DIRECTIONS: In the records below, find the line that holds "Mushrooms on a plate next to a green towel.". Restate it and every later line exactly, stopping at the end and skipping pictures.

EXERCISE MATERIAL:

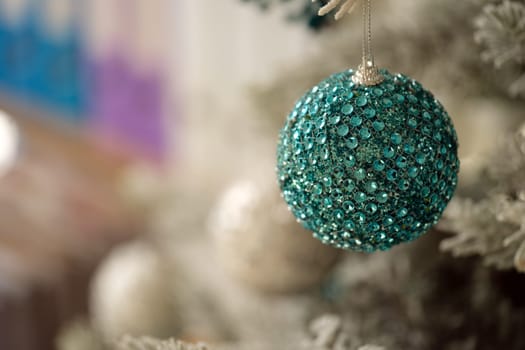 A stunning turquoise ornament, adorned with shimmering and sparkling gems, beautifully hangs on a festive tree
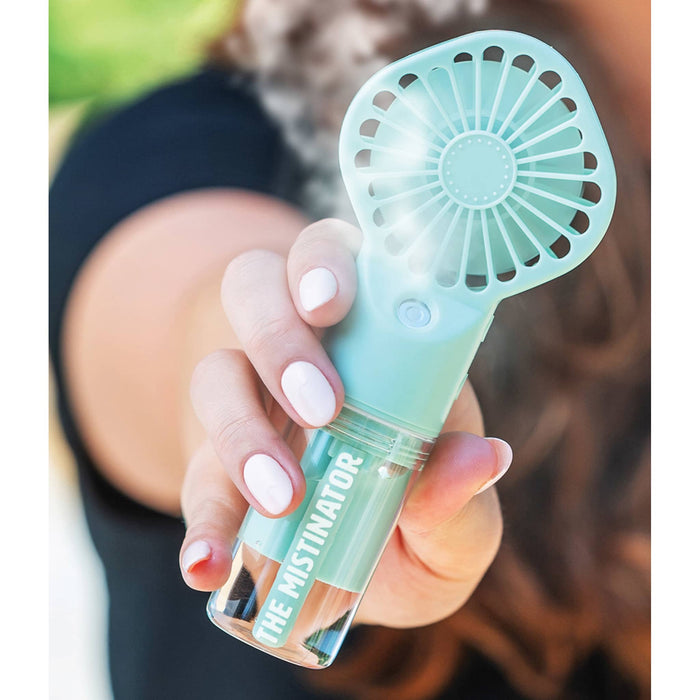 Mini rechargeable fan with misting function in mint green,being held by a person outside.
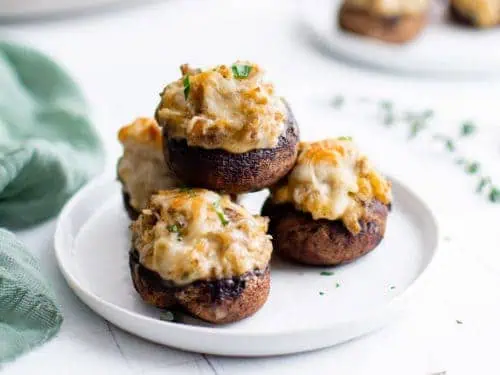 Mushrooms on a plate next to a green towel.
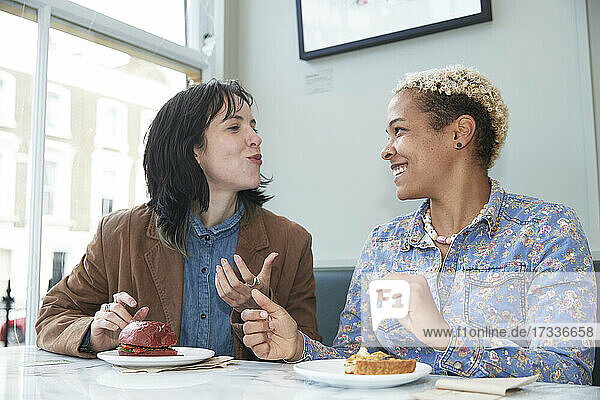 Glückliches lesbisches Paar isst Fast Food und sitzt zusammen in einem Café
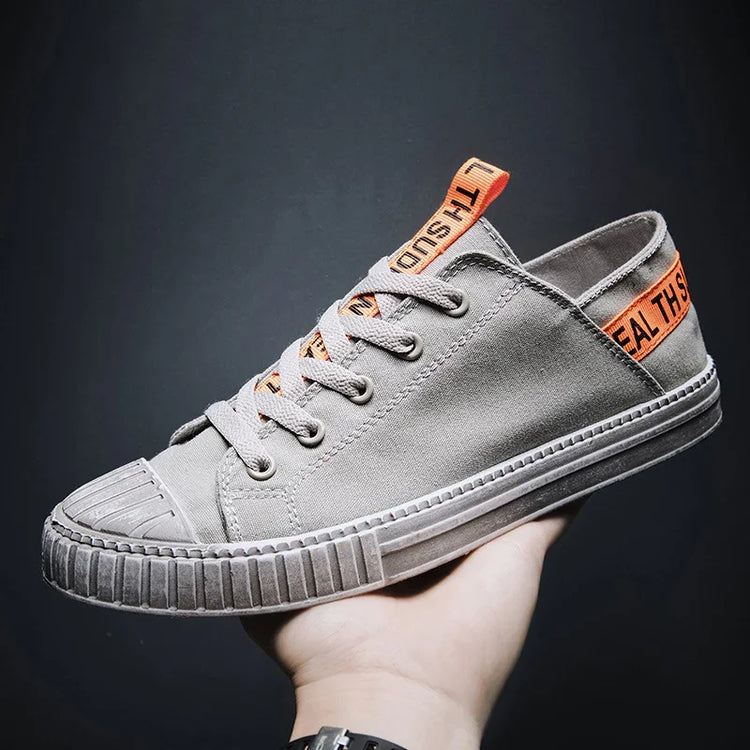 Gray canvas low-top sneaker with rubber sole and orange accent tags, casual streetwear style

SOLUTION FOR THIS PROBLEM:
 Mushrooms on a plate next to a green towel.
 Glückliches lesbisches Paar isst Fast Food und sitzt zusammen in einem Café
 Gray canvas low-top sneaker with rubber sole and orange accent tags, casual streetwear style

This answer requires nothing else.